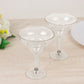 20 Pack 10oz Clear Plastic Margarita Glasses, Disposable Cocktail Party Cups for Frozen Drinks and Pina Coladas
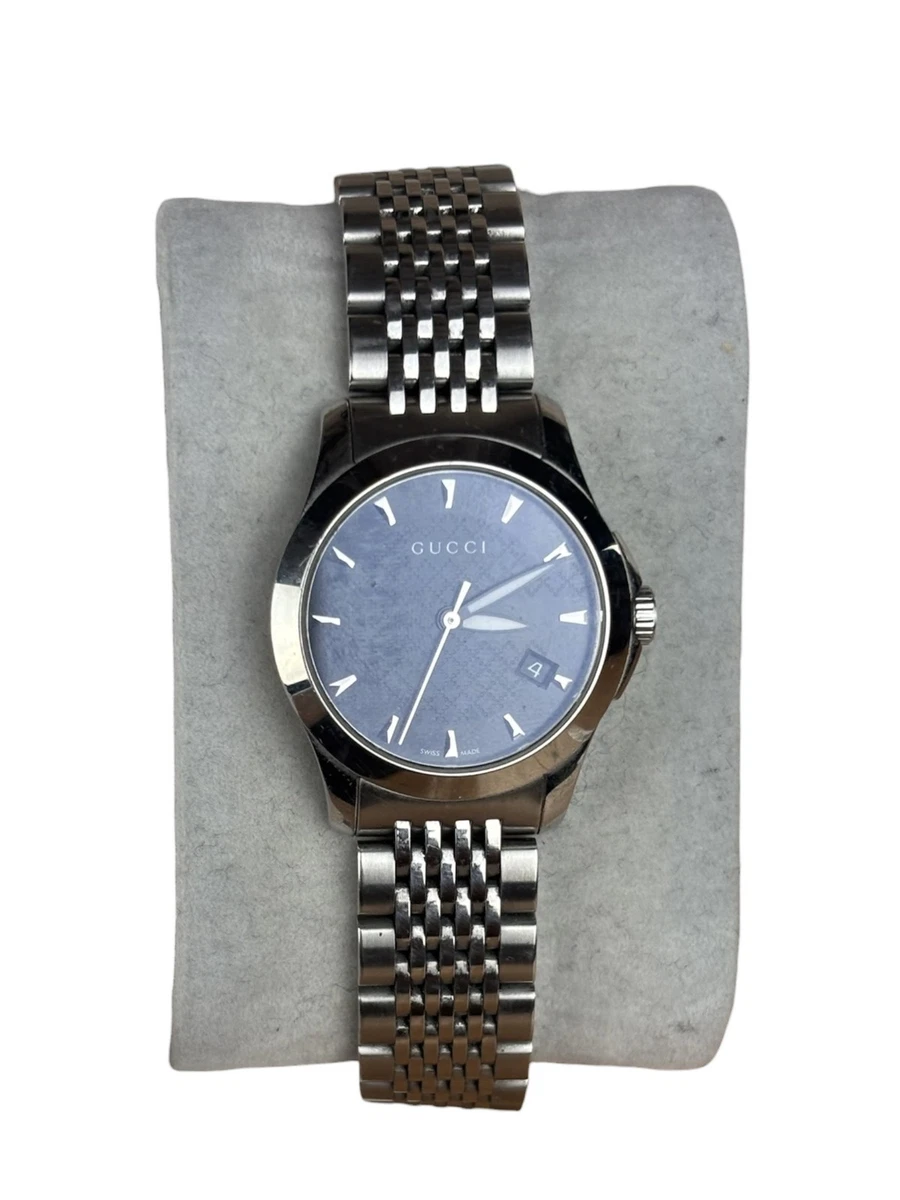 GUCCI G Timeless 126.5 Watch Operable Glass Scratch Body Only for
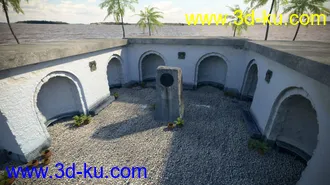 3D打印模型Castle Alcoves - Photo Scanned Scene的图片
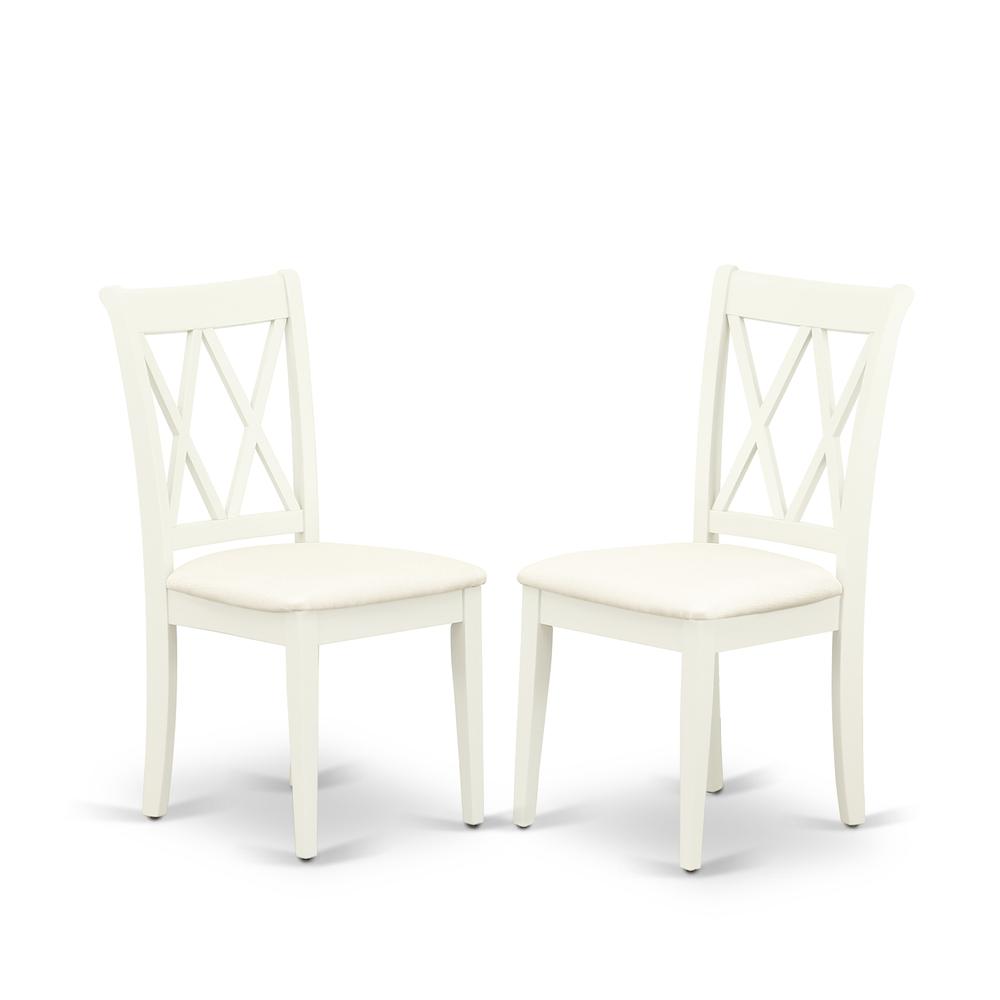 Dining Room Set Linen White DOCL6 - LWH - C By East West Furniture | Dining Sets | Modishstore - 4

- **Prompt**:
Could you give again precisely the lines from the one containing "GUCCI G Timeless" through the final line of the material above, both included, and no others, dropping the pictures?

- **Answer section**:
 GUCCI G Timeless 126.5 Watch Operable Glass Scratch Body Only for
 3D打印模型Castle Alcoves - Photo Scanned Scene的图片
 Dining Room Set Linen White DOCL6 - LWH - C By East West Furniture | Dining Sets | Modishstore - 4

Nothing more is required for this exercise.